Played tons of basketball, blacktop basketball, I don’t know if that’s how it started, but definitely through sports and hopefully it’s healthy.

Maybe it’s not. I don’t know what my wife would tell you, but I think the competitive like I want to win and I’m gonna keep working. The work ethic tied to that, because I was always like, you know, I wasn’t like the greatest athlete at every sport, so I always had to work harder. I think those two things tied together, like hard work and competitive drive that comes with that. It keeps you going at things.

DR: Do you guys have any direct competitors that you kind of have the competitive edge.

FB: I won’t mention any names, but absolutely. We have friendly competitors in our industry and we have a great time competing.

DR: Yeah. And that’s what’s fun about it.

FB: It’s healthy, it’s good, we know most of the founders.

DR: And I’m pretty much like business is not like zero some, they’re probably gonna win, I’m gonna win, but it’s like, it’s nice to have a tangible person to compete against because I’m the same way man. I just love to win everything. And it’s like, I don’t actually want you guys to disappear, you’re probably gonna be fine, but I still want someone who I’m tangibly, I can look at and say, I’m gonna crush you.

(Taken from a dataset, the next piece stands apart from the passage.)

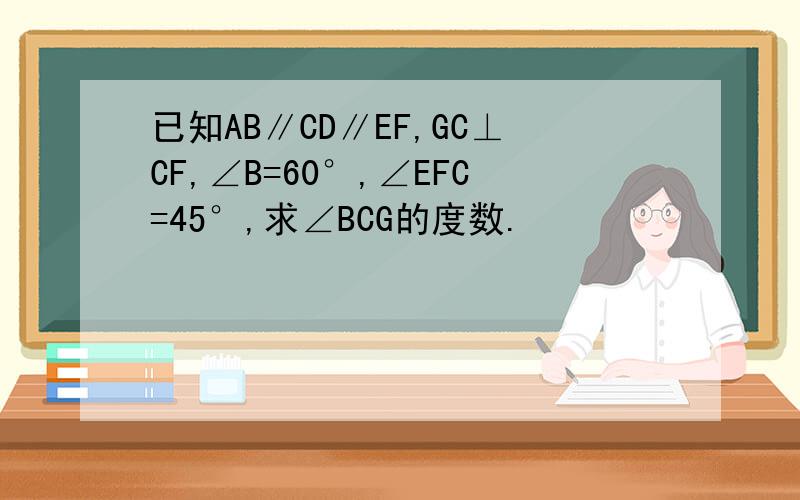 已知AB∥CD∥EF,GC⊥CF,∠B=60°,∠EFC=45°,求∠BCG的度数.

FB: Absolutely. And those folks exist and over the course of four years, we’ve gotten to know a lot of them. Great people doing awesome things, but at the same time, we want to win. So, I think in a healthy way, the four of us kind of on the partner team all have that.

DR: That’s cool.

FB: And it’s good.

DR: Yeah, it’s fun.

FB: You can compete even in the church world.

DR: Yeah, totally, totally. Very cool man. Well it’s been awesome, Frank. I’m excited for you guys, super cool company. And I’m excited to watch what you guys do from here and hopefully Proof can be a part of that.

FB: Absolutely, thanks for having me on.

DR: People want to find out what you’re doing and look you up on Twitter, where can they find you?

FB: Terrible, terrible.

DR: Because I tried to find you before this to look you up and I couldn’t find anything anyway.

FB: I haven’t updated anything in ages, it’s so bad. I’m probably most active on Instagram.

DR: Okay.

FB: And it’s just @FrankRBerry.

DR: Okay.

DR: Did you want to give out your email?

FB: Sure. Frank@tithe.ly.

DR: There we go.

DR: Perfect man. Thanks for being on the show, it’s been great. Thanks for watching, we’ll see you on the next episode of Scale or Die.

FB: Thanks guys.

This interview has been edited and condensed.